### Entries shown

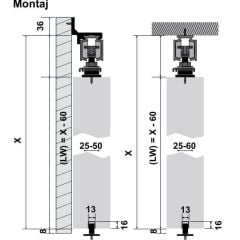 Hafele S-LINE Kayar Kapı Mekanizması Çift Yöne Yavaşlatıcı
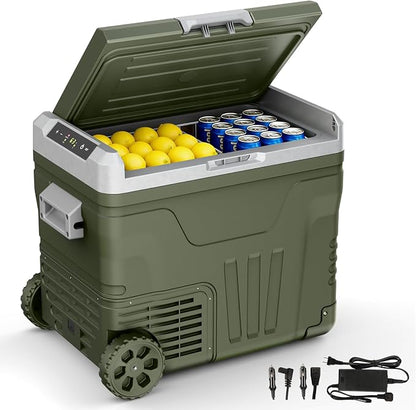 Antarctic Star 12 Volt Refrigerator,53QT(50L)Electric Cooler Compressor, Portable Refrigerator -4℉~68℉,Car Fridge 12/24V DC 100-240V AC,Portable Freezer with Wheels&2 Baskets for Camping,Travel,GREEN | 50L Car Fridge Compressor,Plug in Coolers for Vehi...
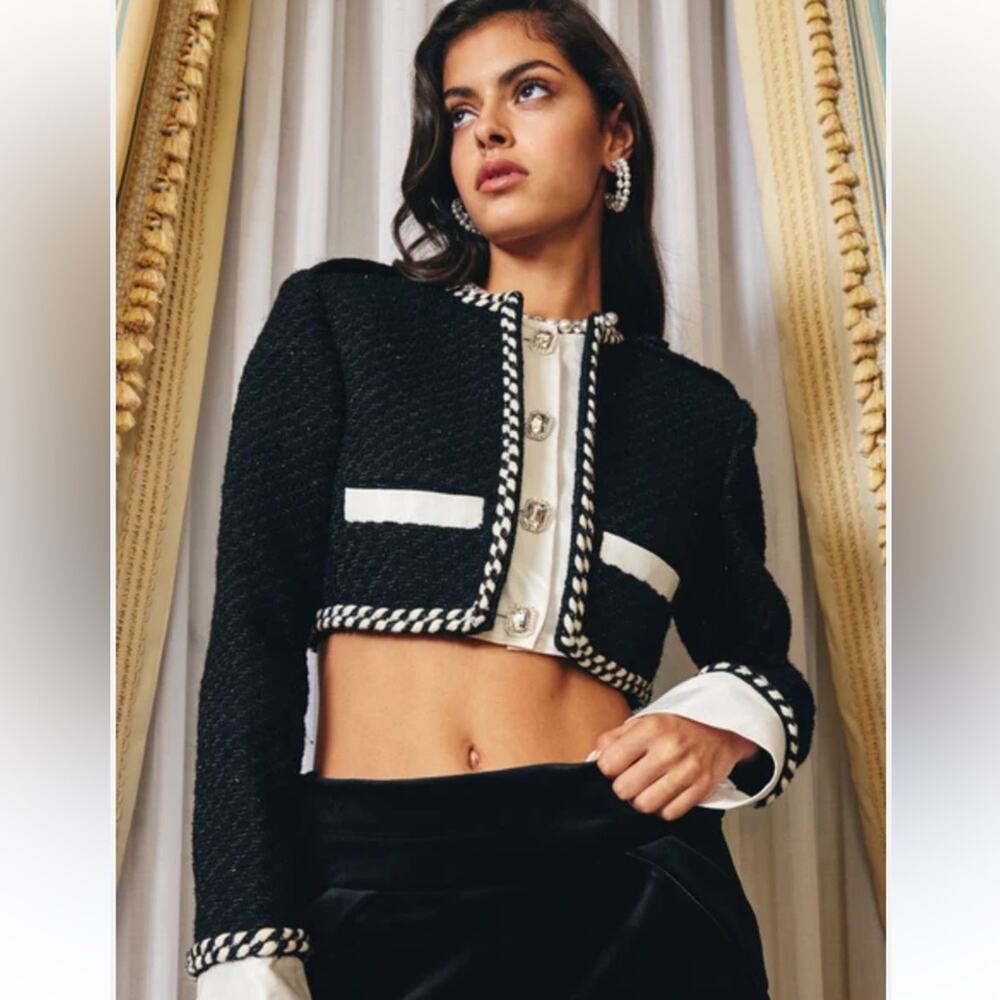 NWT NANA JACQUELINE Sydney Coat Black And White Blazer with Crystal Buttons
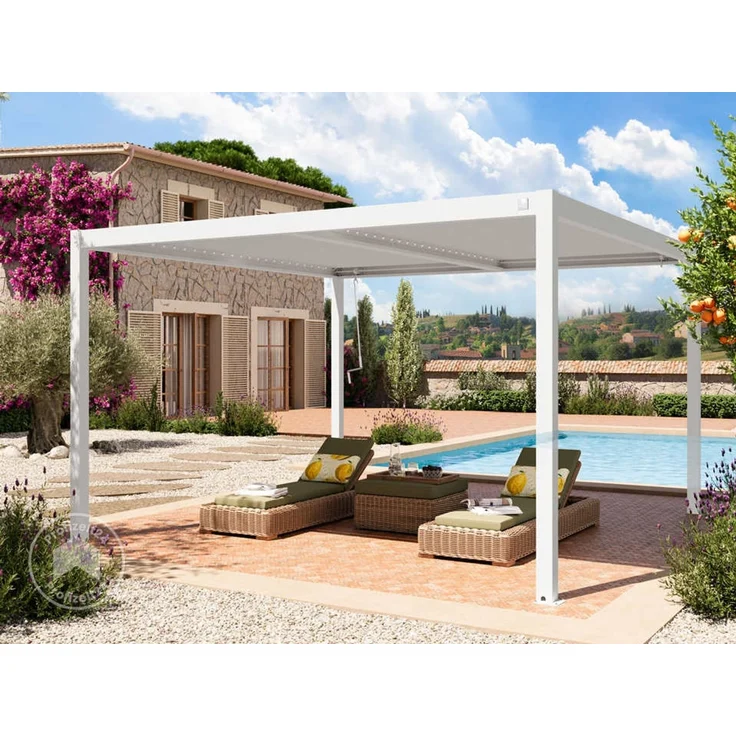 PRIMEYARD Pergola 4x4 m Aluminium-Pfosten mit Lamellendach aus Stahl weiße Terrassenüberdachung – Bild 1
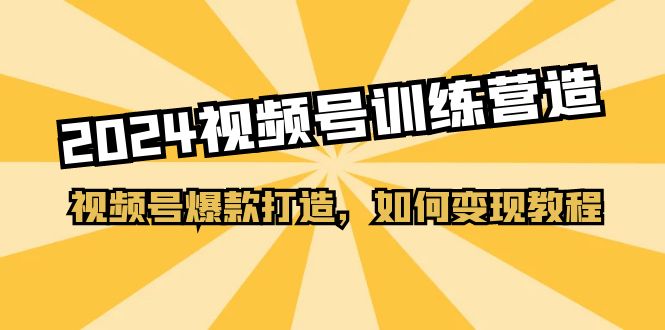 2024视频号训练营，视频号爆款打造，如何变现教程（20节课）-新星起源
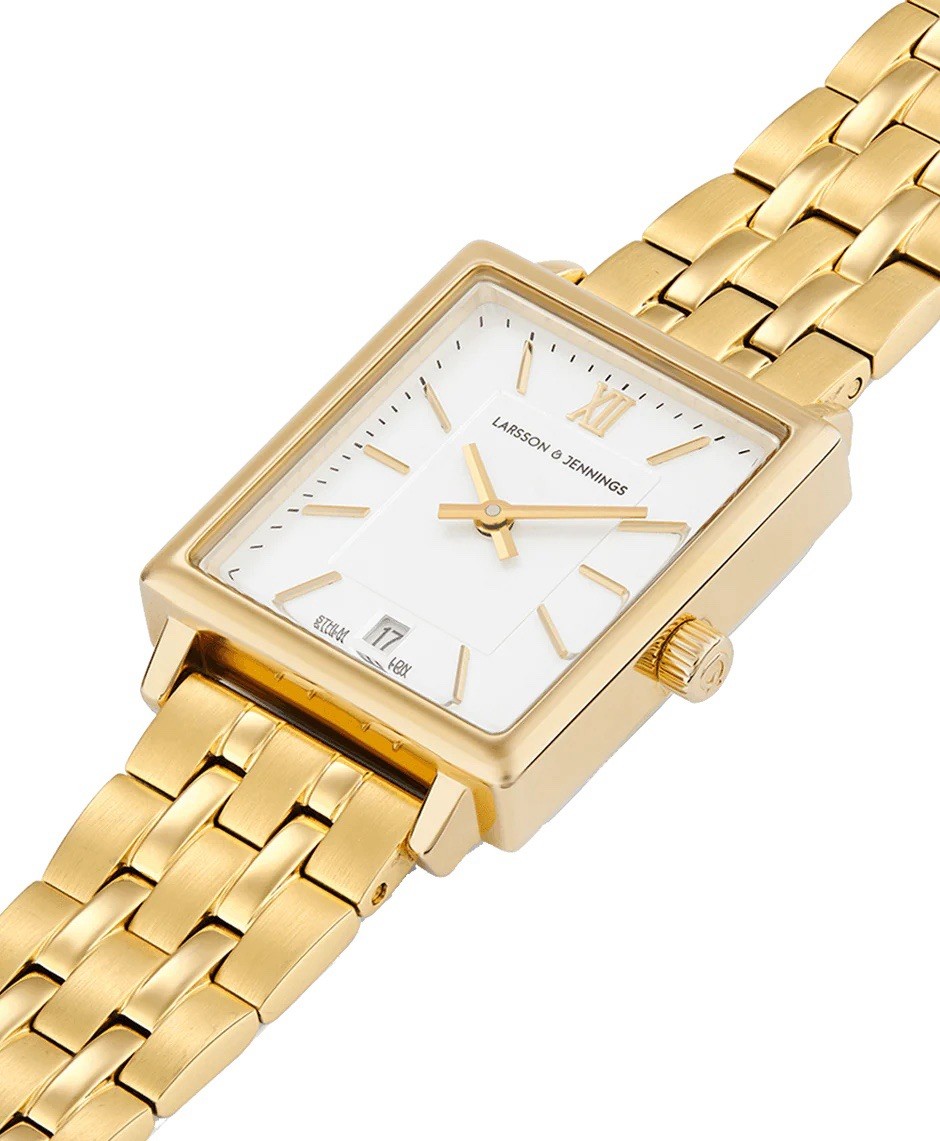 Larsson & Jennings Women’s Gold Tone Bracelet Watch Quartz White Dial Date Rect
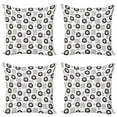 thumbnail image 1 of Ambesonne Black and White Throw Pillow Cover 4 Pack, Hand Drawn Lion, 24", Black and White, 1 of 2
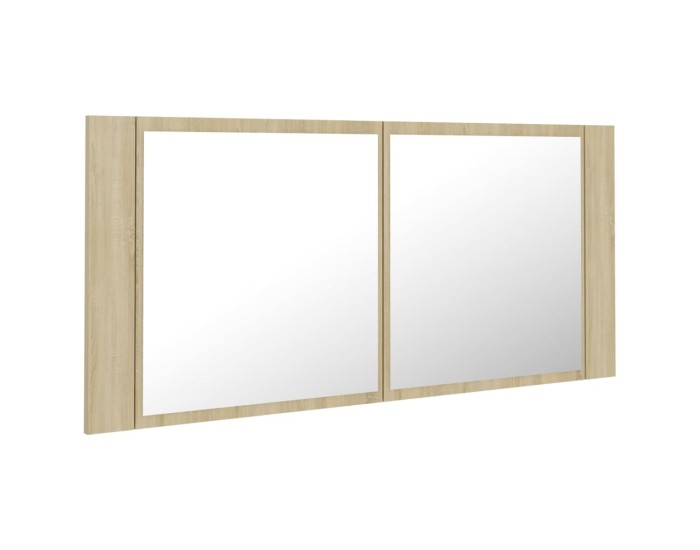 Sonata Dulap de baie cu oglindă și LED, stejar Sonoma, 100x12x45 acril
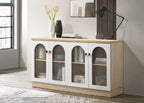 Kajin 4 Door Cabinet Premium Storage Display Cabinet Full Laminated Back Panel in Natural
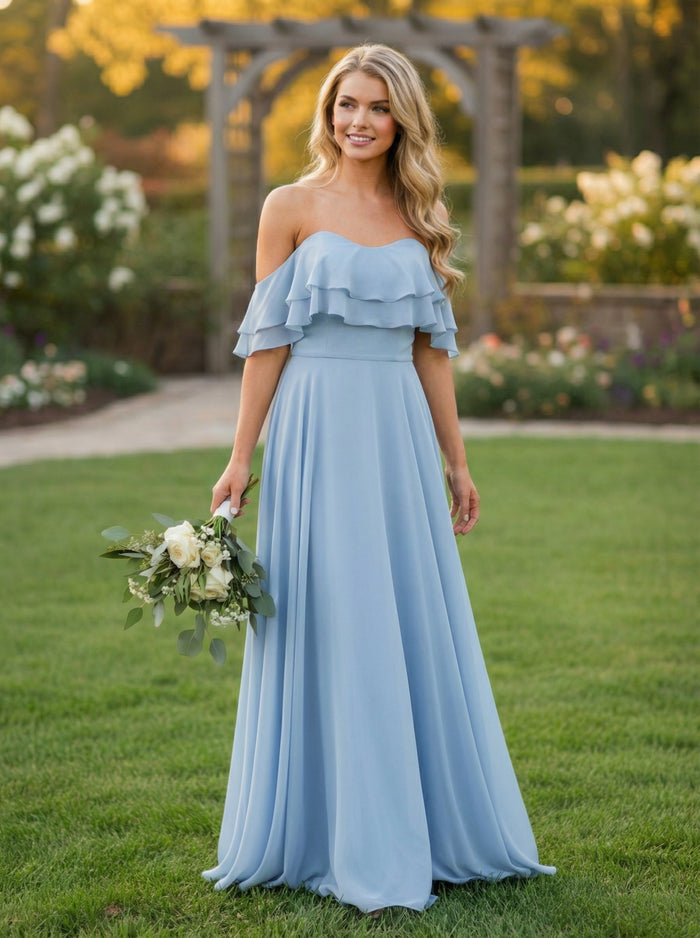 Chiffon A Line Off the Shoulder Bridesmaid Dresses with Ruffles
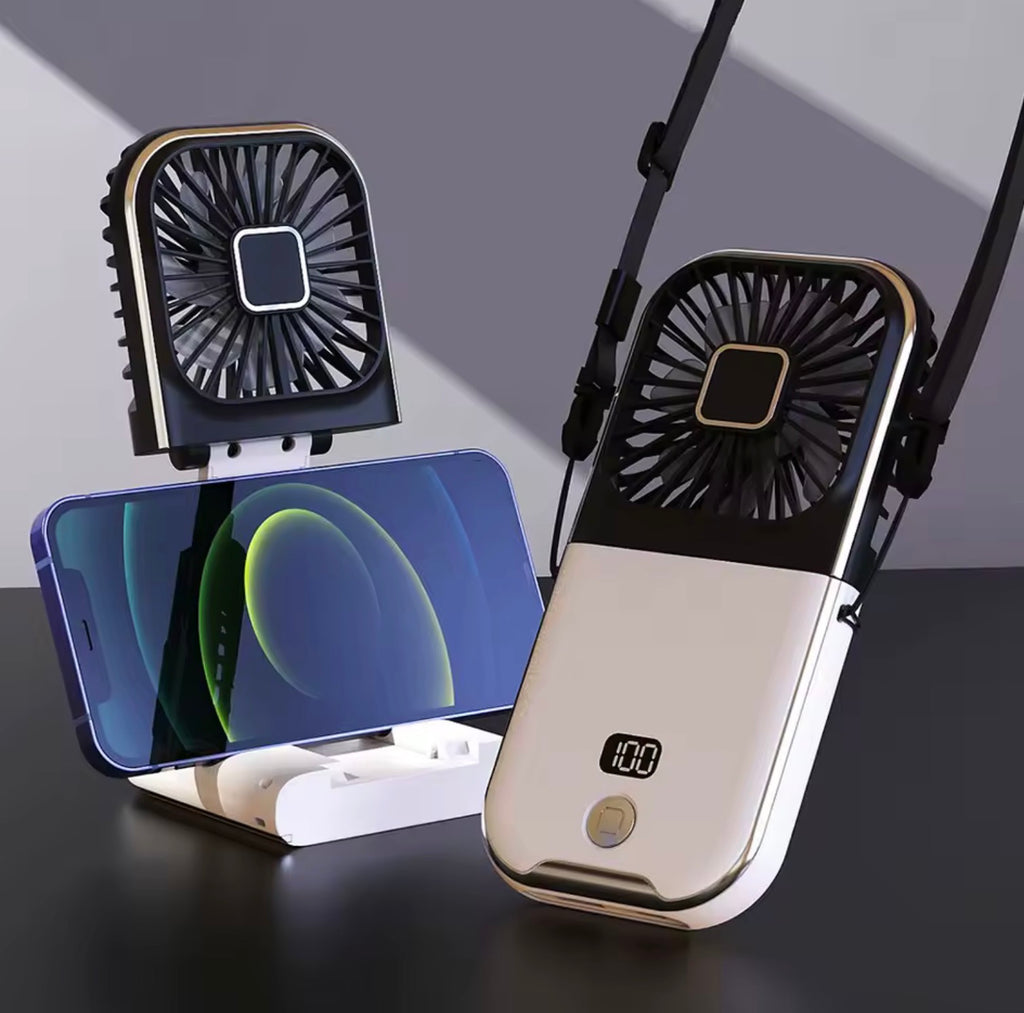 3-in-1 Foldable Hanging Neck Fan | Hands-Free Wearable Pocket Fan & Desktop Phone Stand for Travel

### Your task
Output the full material exactly as given, without its pictures.

### Completed exercise
 Hafele S-LINE Kayar Kapı Mekanizması Çift Yöne Yavaşlatıcı
 Antarctic Star 12 Volt Refrigerator,53QT(50L)Electric Cooler Compressor, Portable Refrigerator -4℉~68℉,Car Fridge 12/24V DC 100-240V AC,Portable Freezer with Wheels&2 Baskets for Camping,Travel,GREEN | 50L Car Fridge Compressor,Plug in Coolers for Vehi...
 NWT NANA JACQUELINE Sydney Coat Black And White Blazer with Crystal Buttons
 PRIMEYARD Pergola 4x4 m Aluminium-Pfosten mit Lamellendach aus Stahl weiße Terrassenüberdachung – Bild 1
 2024视频号训练营，视频号爆款打造，如何变现教程（20节课）-新星起源
 Larsson & Jennings Women’s Gold Tone Bracelet Watch Quartz White Dial Date Rect
 thumbnail image 1 of Ambesonne Black and White Throw Pillow Cover 4 Pack, Hand Drawn Lion, 24", Black and White, 1 of 2
 Sonata Dulap de baie cu oglindă și LED, stejar Sonoma, 100x12x45 acril
 Kajin 4 Door Cabinet Premium Storage Display Cabinet Full Laminated Back Panel in Natural
 Chiffon A Line Off the Shoulder Bridesmaid Dresses with Ruffles
 3-in-1 Foldable Hanging Neck Fan | Hands-Free Wearable Pocket Fan & Desktop Phone Stand for Travel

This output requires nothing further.